▸ Problem requirements
Where does the word "Hotel" show up in the records? Copy every line that has it.
(Supplied material)
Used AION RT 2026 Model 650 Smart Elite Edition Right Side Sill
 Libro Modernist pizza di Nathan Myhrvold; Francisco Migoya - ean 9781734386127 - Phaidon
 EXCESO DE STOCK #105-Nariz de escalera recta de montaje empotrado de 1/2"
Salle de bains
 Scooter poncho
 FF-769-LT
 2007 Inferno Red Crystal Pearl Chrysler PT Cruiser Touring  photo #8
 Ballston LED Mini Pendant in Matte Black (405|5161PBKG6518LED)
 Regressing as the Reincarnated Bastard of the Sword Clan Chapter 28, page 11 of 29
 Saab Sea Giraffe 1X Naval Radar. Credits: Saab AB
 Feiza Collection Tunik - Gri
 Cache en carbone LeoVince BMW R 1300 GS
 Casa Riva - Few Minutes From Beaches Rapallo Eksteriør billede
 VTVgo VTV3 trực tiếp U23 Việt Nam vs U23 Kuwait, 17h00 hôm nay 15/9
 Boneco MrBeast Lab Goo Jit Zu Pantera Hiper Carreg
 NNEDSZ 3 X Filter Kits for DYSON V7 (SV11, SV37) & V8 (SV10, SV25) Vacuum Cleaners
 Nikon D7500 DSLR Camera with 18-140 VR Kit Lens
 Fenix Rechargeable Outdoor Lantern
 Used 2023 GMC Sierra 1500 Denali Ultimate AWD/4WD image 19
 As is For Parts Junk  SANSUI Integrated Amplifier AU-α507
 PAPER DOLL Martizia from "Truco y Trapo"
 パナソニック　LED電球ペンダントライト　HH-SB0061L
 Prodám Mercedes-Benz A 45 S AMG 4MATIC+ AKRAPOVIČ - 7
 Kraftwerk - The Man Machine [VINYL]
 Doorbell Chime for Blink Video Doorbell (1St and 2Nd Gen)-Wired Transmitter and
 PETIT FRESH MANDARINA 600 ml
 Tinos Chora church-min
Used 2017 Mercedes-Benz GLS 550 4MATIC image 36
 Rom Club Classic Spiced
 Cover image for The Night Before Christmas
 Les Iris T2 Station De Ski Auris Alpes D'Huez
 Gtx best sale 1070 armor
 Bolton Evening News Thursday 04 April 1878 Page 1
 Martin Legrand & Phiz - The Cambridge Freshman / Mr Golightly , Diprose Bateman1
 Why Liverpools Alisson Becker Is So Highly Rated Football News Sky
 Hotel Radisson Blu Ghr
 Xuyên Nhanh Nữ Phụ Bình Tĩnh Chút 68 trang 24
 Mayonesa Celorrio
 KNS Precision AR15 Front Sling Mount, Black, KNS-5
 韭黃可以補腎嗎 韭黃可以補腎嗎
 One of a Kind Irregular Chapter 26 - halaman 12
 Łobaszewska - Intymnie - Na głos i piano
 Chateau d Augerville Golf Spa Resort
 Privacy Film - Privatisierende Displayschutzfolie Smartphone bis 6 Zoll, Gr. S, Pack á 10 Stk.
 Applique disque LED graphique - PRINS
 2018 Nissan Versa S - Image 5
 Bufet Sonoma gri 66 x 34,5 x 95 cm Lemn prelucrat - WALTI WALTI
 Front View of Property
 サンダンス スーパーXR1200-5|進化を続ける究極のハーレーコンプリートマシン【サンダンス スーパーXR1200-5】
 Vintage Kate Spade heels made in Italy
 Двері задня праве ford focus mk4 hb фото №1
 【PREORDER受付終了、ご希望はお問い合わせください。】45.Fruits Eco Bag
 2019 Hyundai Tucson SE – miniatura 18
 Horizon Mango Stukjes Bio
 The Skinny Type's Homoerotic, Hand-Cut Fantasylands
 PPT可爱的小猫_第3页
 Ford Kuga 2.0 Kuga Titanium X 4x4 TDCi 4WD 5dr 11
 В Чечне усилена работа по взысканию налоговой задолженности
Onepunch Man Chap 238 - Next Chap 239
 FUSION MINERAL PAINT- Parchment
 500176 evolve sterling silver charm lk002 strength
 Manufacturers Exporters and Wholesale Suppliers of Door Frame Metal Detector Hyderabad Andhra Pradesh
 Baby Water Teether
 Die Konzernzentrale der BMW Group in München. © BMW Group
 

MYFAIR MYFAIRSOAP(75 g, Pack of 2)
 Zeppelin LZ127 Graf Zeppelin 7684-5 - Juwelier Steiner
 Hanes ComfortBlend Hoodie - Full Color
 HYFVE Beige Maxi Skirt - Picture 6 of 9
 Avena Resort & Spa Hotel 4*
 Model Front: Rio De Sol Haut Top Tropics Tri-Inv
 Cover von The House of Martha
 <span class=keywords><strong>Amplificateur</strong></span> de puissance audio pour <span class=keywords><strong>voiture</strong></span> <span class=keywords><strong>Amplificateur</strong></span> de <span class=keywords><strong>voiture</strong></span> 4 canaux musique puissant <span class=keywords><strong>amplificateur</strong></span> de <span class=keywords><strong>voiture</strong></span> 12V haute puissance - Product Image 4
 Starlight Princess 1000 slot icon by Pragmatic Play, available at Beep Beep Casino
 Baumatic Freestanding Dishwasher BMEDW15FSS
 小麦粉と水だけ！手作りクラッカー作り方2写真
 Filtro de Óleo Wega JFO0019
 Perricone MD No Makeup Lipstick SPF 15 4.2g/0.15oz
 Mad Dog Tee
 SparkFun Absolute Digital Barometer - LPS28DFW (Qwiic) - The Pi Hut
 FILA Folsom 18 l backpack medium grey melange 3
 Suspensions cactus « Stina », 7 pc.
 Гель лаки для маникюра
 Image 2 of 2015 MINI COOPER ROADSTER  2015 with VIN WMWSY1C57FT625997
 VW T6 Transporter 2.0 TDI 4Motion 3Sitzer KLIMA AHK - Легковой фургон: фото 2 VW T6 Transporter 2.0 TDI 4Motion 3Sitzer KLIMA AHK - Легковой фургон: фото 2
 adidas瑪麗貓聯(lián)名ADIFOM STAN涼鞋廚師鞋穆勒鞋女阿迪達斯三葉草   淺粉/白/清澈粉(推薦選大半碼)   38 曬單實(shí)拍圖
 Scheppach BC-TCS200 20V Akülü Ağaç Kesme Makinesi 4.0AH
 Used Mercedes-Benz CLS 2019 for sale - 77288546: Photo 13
(End Supplied material)
▸ Exercise answer
 Hotel Radisson Blu Ghr
 Avena Resort & Spa Hotel 4*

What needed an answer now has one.